Under the Statewide Medicaid Managed Care (SMMC) program, the Agency and health plans created a set of Quality Initiatives aimed at continually improving quality and management of care while reducing costs. One such opportunity to address these initiatives involves the development and implementation of data-driven interventions in hospitals which identify and reduce potentially preventable events (PPE) defined by 3M Health Information Systems software. The Agency considers three 3M potentially preventable event types: emergency department visits (PPV), hospital admissions (PPA), and hospital readmissions (PPR). These events are deemed preventable as they may have been avoided with early intervention, better access to primary care or improved ambulatory care coordination.
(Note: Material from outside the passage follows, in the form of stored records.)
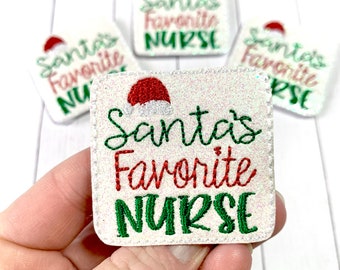 Santas Favorite Nurse Feltie, Nurse Feltie Embellishment, Favorite Feltie, RN Feltie, Medical Felties, Christmas Feltie, Exclusive Felties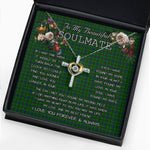 To My Beautiful Soulmate Necklace In Your Eyes I Have Found My Home Clan Agnew Hunting Tartan Cross Dancing Necklace
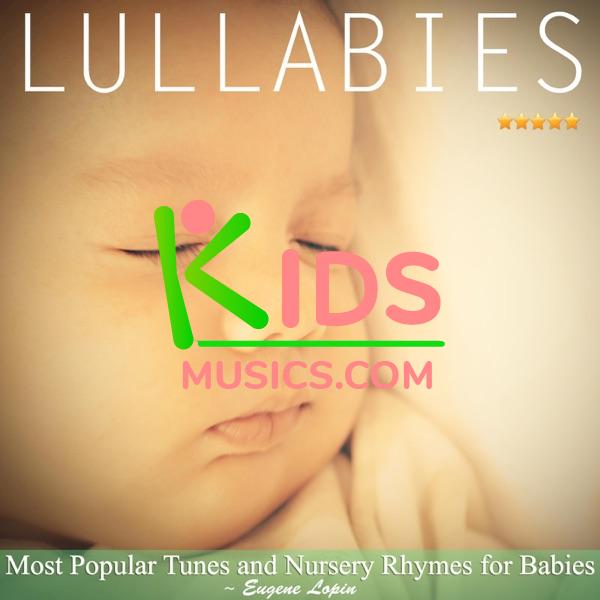 Lullabies: Most Popular Tunes and Nursery Rhymes for Babies Download mp3 free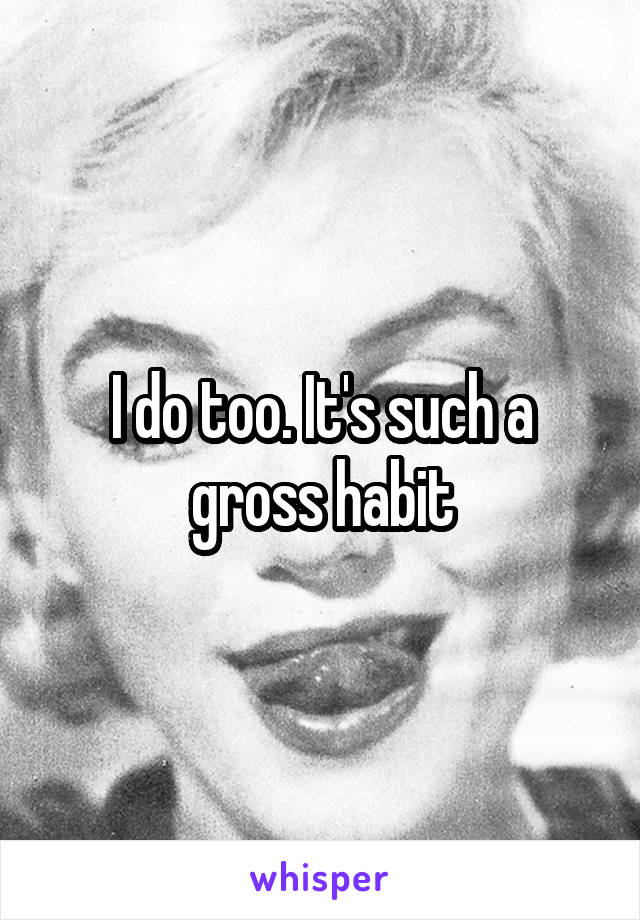 I do too. It's such a gross habit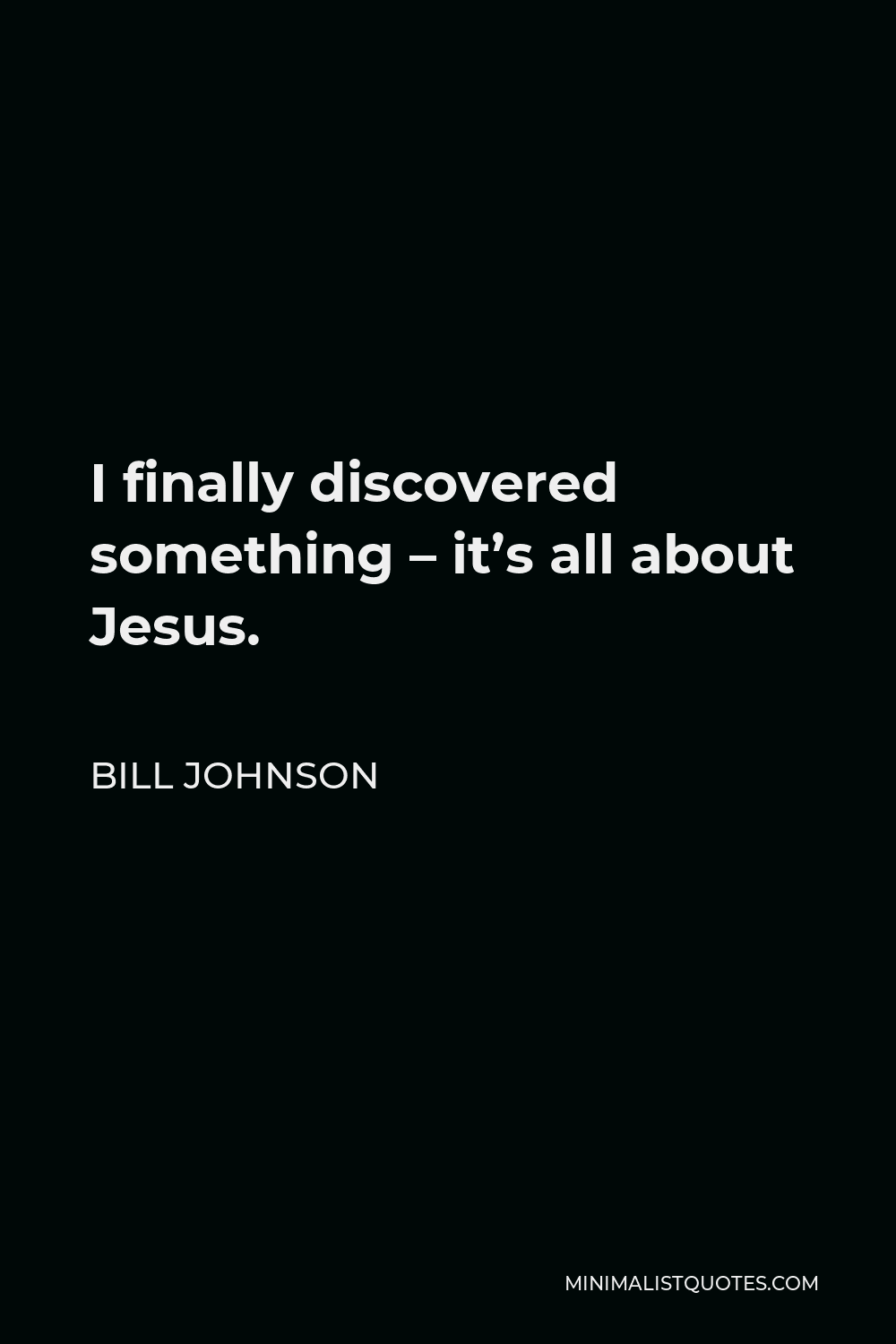 Bill Johnson Quote - I finally discovered something – it’s all about Jesus.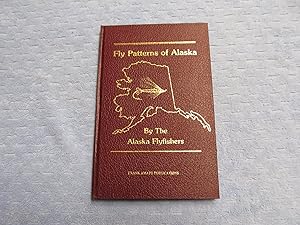 Bild des Verkufers fr Fly Patterns of Alaska. {Limited Edition}. zum Verkauf von Bruce Cave Fine Fly Fishing Books, IOBA.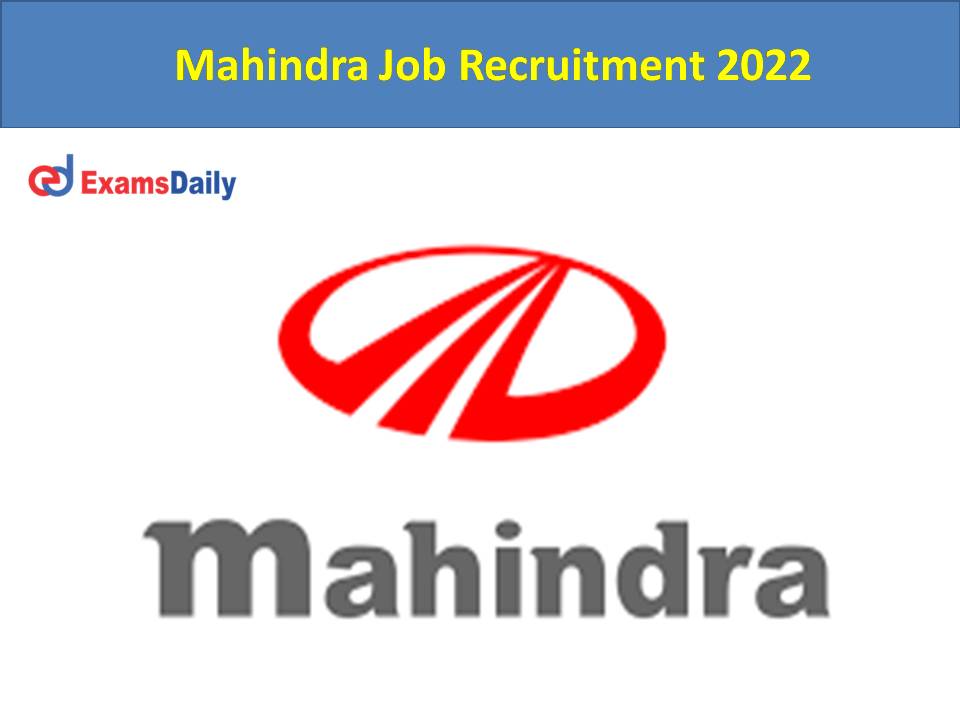 Mahindra Job Openings 2022: Job Vacancies for Engineering Graduate; Apply Online!!!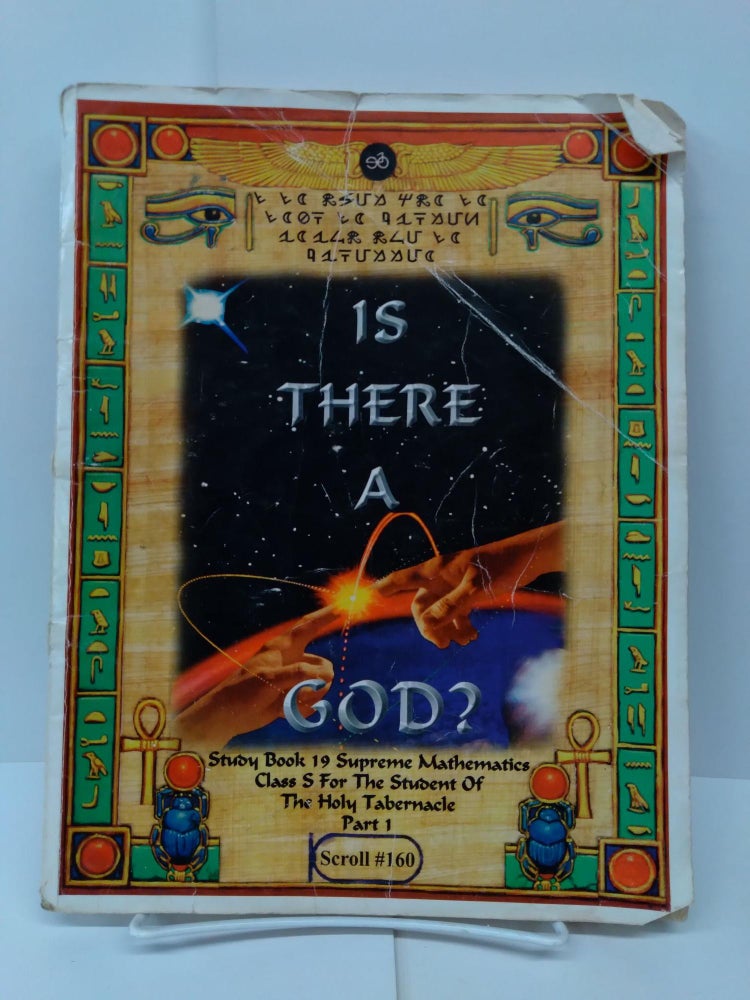 Item #71471 Is There a God? Study Book 19 Supreme Mathematics Class S For the Student of the Holy Tabernacle. The Supreme Grand Master Nayya: Malachizodok York-El.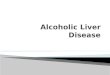 Alcoholic liver disease
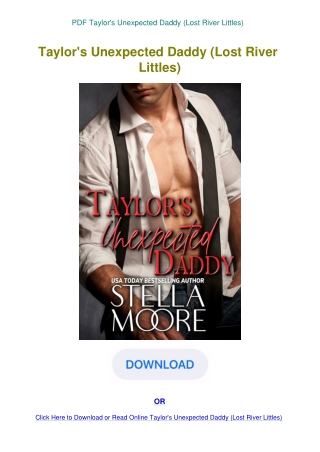 PDF Taylor's Unexpected Daddy (Lost River Littles)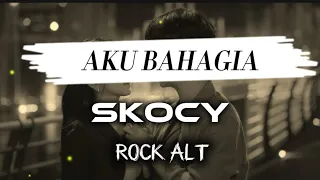 aku bahagia skocy band cover rock
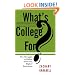 What's College For?: The Struggle To Define American Higher Education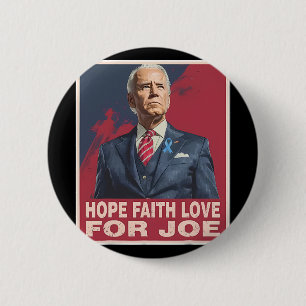 Hoop op liefde voor Joe Ronde Button 5,7 Cm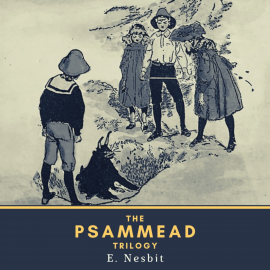 Hörbuch The Psammead Trilogy  - Autor Edith Nesbit   - gelesen von Schauspielergruppe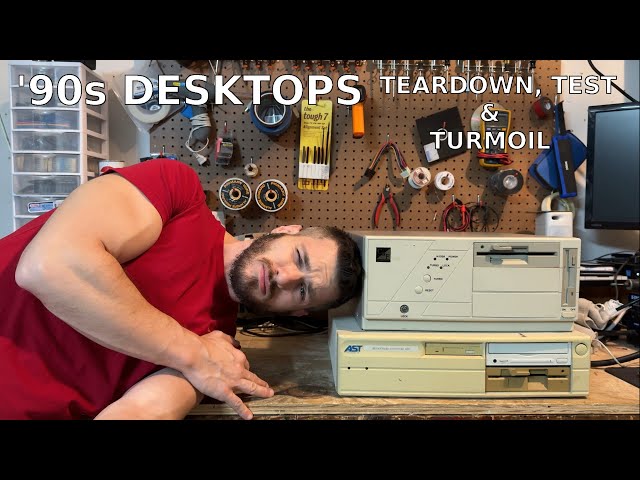 '90s Desktops - Teardown, Test and Turmoil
PPEs are expressed in rates which are calculated as a numerator over a denominator following the 3M methodology, often adjusted for population factors which could bias the calculation (e.g., accounting for older or “sicker” populations). The Excel file PPE_Norms_and_Weights.xlsx has four sheets with data which plays a critical role when plans compute their own PPA, PPV and PPR measures and aim to standardize their results.

ACRG3 Norms

3M Clinically Related Groups (ACRG3) were developed to classify patients based on their illness burden as measured by the cost incurred during a certain period. For PPAs and PPVs patients are assigned to one ACRG3 based on the clinical information on their claims/encounters in the year prior to the year with preventable events. For each ACRG3 a weight (or norm) is determined based on the effective reference year, which represents the expected cost or resource use for a patient. The expected costs are used in the denominator of the PPA and PPV rate calculations.

DRG Weights

The weights of the All Patient Refined Diagnostic Related Groups (APR DRG) are used to assign actual cost or resource use to the claims/encounters from the year with preventable hospital admissions (PPA). In this way, DRG weights approximate the actual cost or resource use for a preventable event in the numerator of the PPA rate.

EAPG Weights

Similarly, the Enhanced Ambulatory Patient Group (EAPG) weights are used to assign actual cost or resource use to a preventable emergency room visit (PPV). The EAPG weights are used in the numerator of the PPV rate calculation, representing the actual events weighted by costliness.

PPR Norms

The expected events in the denominator of the PPR rate are based on the PPR norms, which are determined by a set of four factors: APR DRG, Severity of Illness (SOI), Mental Health Status, and Age. This contrasts with PPAs and PPVs, which use ACRG3 norms in their expected event counts. For PPRs the actual events are not weighted. They are the unweighted count of initial admissions leading to at least one readmission.